Bir ülke olarak, bu konular partizan siyasete dahil edilmediğinde zorlu mücadeleler ve karmaşık ödünleşimlerle başa çıkmak için çok daha fazla kapasiteye sahibiz. Bu nedenle, Covid’in o zamanlar partizan bir mesele haline gelmemesine rahatlamıştım. İşleri bu şekilde tutmak için çok çalışırsak üstesinden gelebileceğimizi düşünmüştüm.
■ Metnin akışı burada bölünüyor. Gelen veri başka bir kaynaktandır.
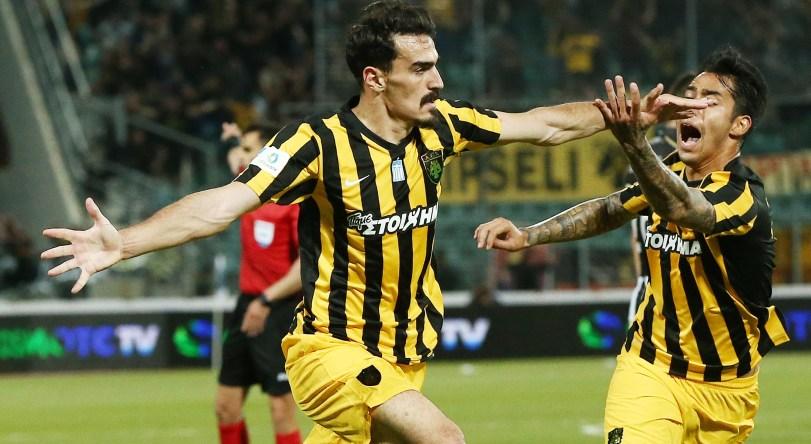 Λάζαρος: «Είναι αστείο το να κρατάς ενός λεπτού σιγή με τα όσα έγιναν»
Elbette işler böyle yürümedi. Bu hikaye aklımdaydı çünkü son birkaç yıldır, ABD’de ve dünyanın büyük bir bölümünde aile kurma oranlarının hızla düşmesinin, niş bir sorundan ana akım bir soruna ve giderek artan bir şekilde partizan bir soruna dönüştüğünü izledim. Ve tıpkı Covid’in siyasallaşmasının bir trajedi olması gibi, bu da bir trajedi olma potansiyeli taşıyor. Ekonomimizin ve toplumumuzun, insanların çocuk sahibi olup olmama kararını vermelerine ve istedikleri kadar çocuk sahibi olabilmelerine destek olması, kültür savaşlarına teslim olamayacak kadar önemli bir konu. Ancak görünüşe göre gidişatımız bu yönde.
Neredeyse baktığınız her yerde doğum oranları düşüyor. Birçok demograf, dünya nüfusunun yüzyılın ortalarında istikrar kazanacağını düşünüyordu. Ancak bu artık giderek daha olası görünmüyor. Bunun yerine, dünya nüfusunun aslında bu yüzyılda, potansiyel olarak 2060 gibi erken bir tarihte dünya çapında azalmaya başlayacağı bekleniyor.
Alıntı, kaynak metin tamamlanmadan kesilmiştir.